→ EXERCISE DETAILS
Find the line containing "Netflix Adjusts Film" in the listing below; reproduce it and every line after, exactly. Skip pictures.
+===+
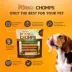 Pork Chomps 6" Roasted Twists 15 CT 1 LB image thumbnail 4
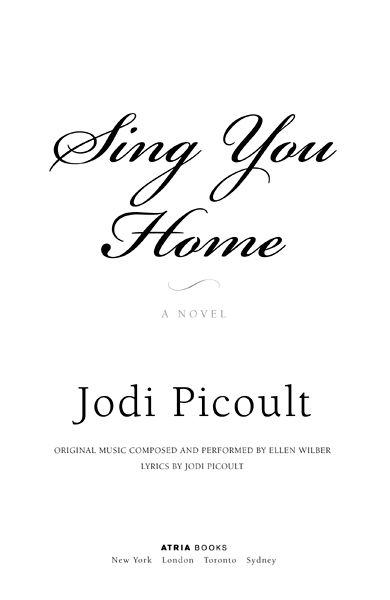 sing you home book review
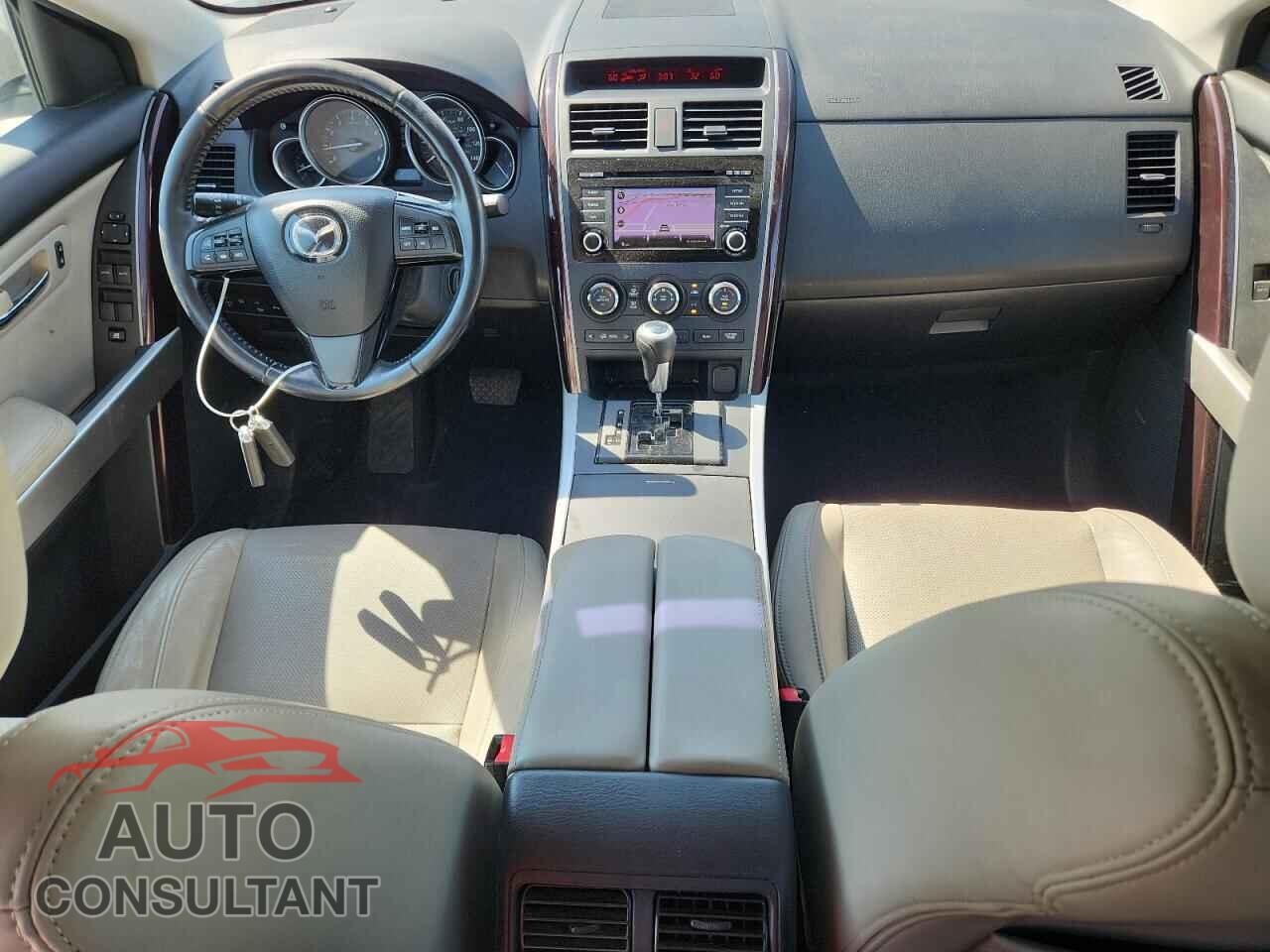 MAZDA CX-9 2014 - JM3TB3DA2E0429196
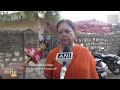 Lok Sabha Elections 2024 | BJP National Vice-President Vasundhara Raje Casts Vote in Jhalawar |News9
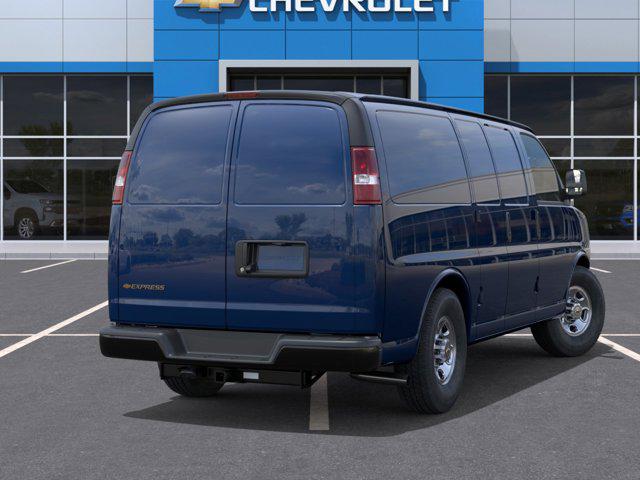 2025 Chevrolet Express Cargo Van RWD 3500 Regular Wheelbase WT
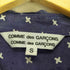 コムデギャルソンコムデギャルソン COMME des GARCONS COMME des GARCONS AD2004 05SS 総柄キュプラシャツコート レディース JPN:S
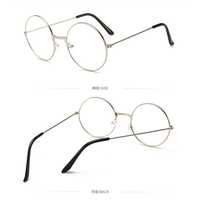 Очки круглые имиджевые прозрачные нулевки окуляри іміджеві прозорі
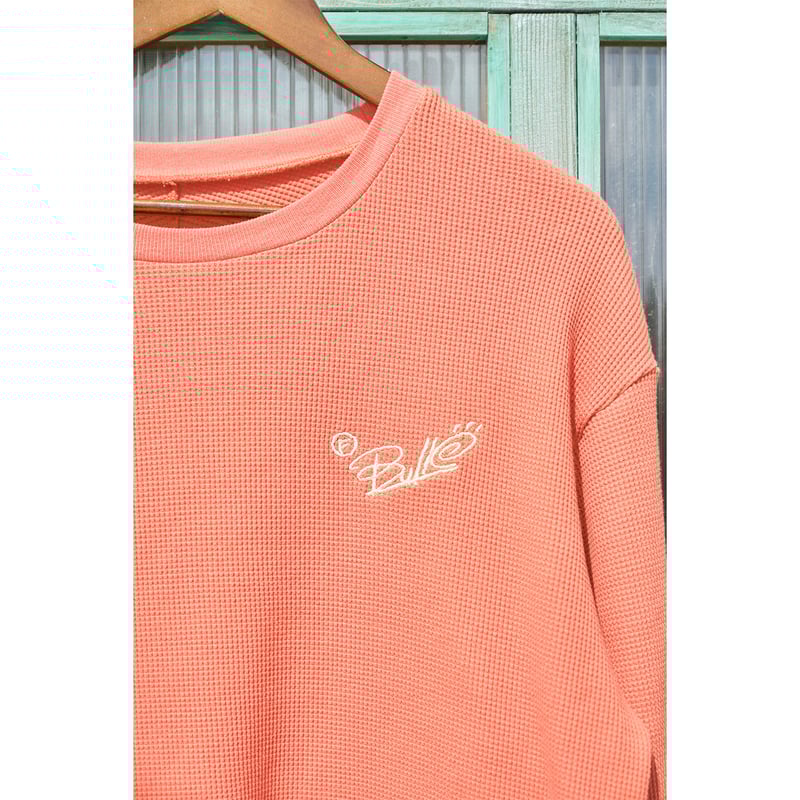 F BULL'S ぶるずワッフル (ORANGE) | F BULL'S STORE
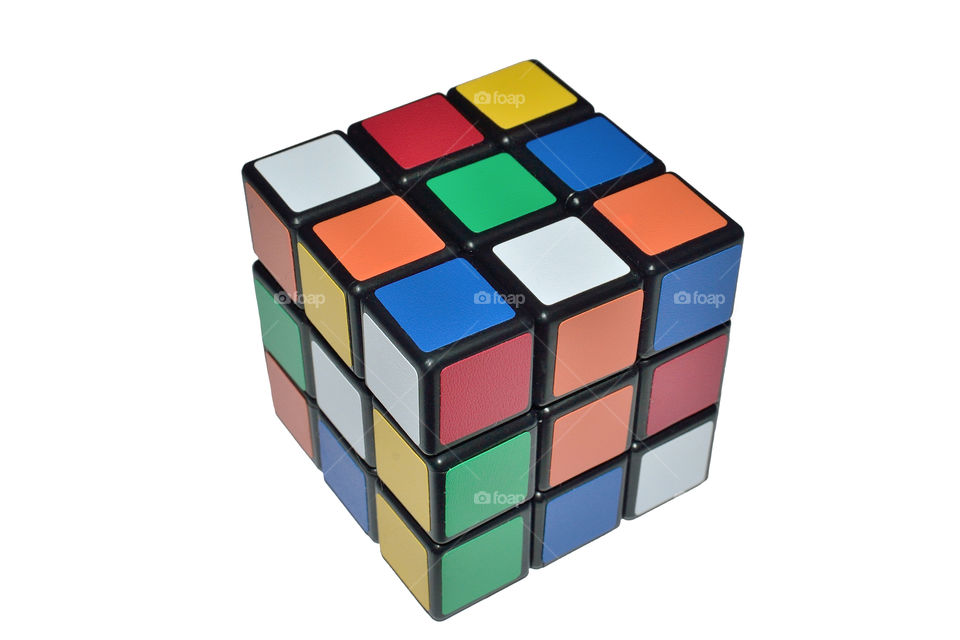 robik's  cube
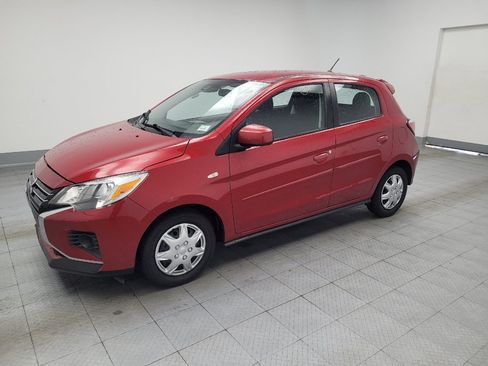 Used 2022 Mitsubishi Mirage ES FWD image 2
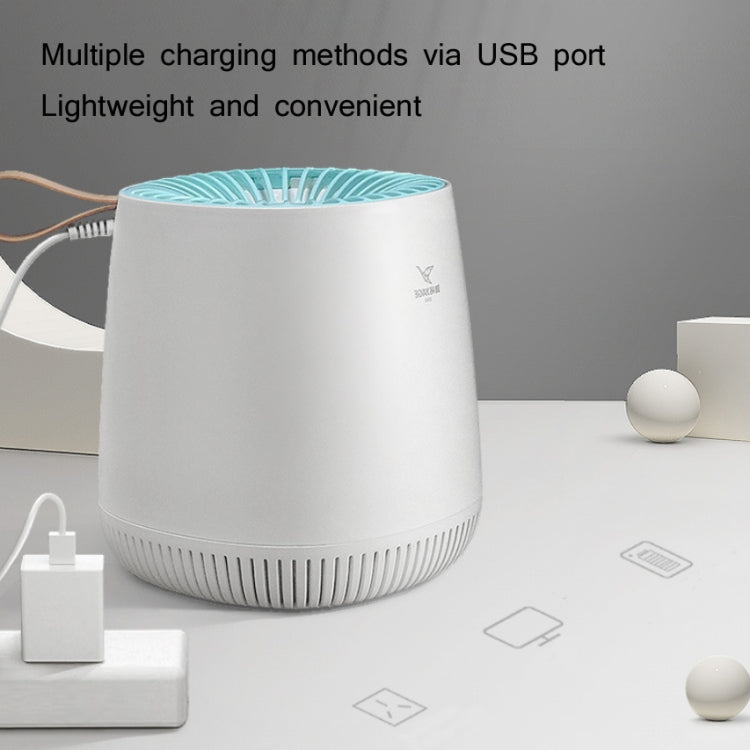 YAGE Household Indoor Mosquito Killer Lamp Silent Physical Fly Killer and Mosquito Repellent(M104)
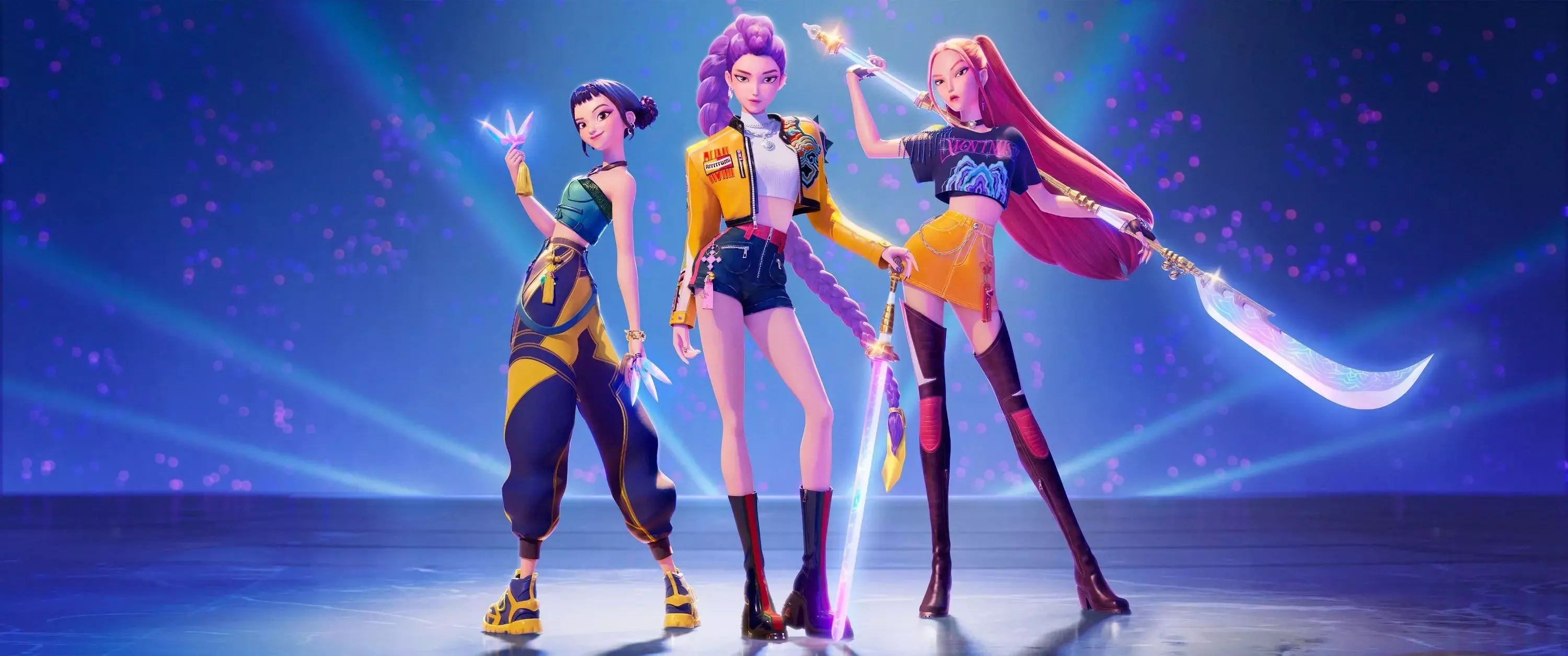 Netflix Adjusts Film Release Strategy Following 'KPop Demon Hunters' Theatrical Success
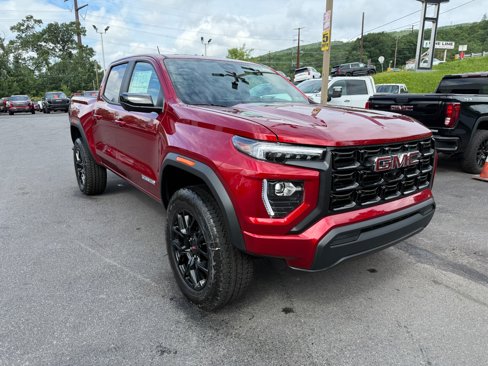New 2025 GMC Canyon Elevation w/ Technology Package image 7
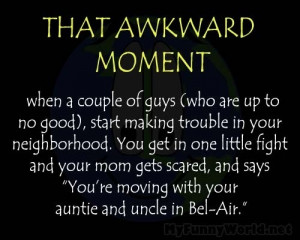 About Awkward Awkwardmoment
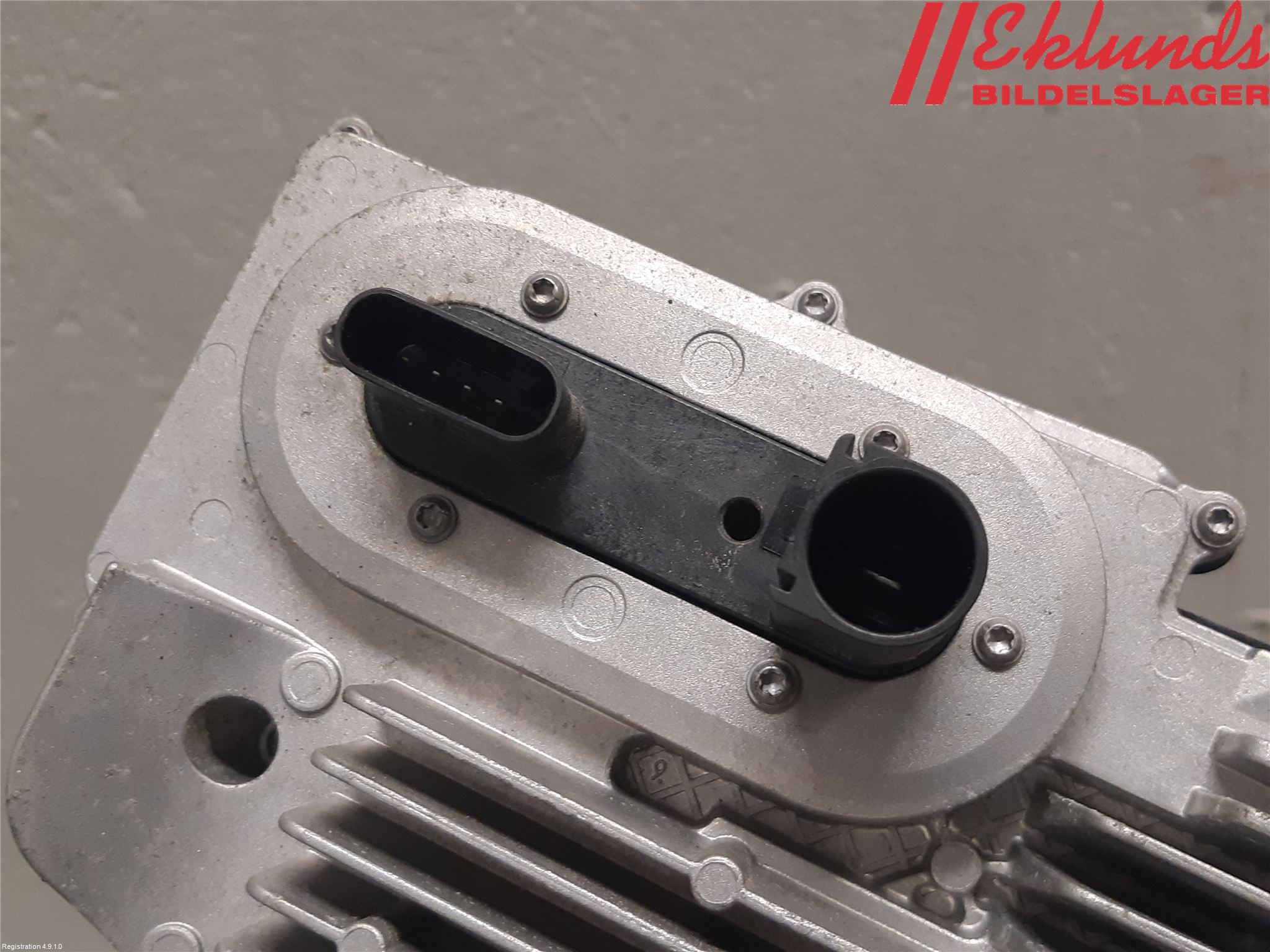 Volvo V60 19- Styrenhet Övrigt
+===+
→ ANSWER AREA
 Netflix Adjusts Film Release Strategy Following 'KPop Demon Hunters' Theatrical Success
New 2025 GMC Canyon Elevation w/ Technology Package image 7
 About Awkward Awkwardmoment
 Volvo V60 19- Styrenhet Övrigt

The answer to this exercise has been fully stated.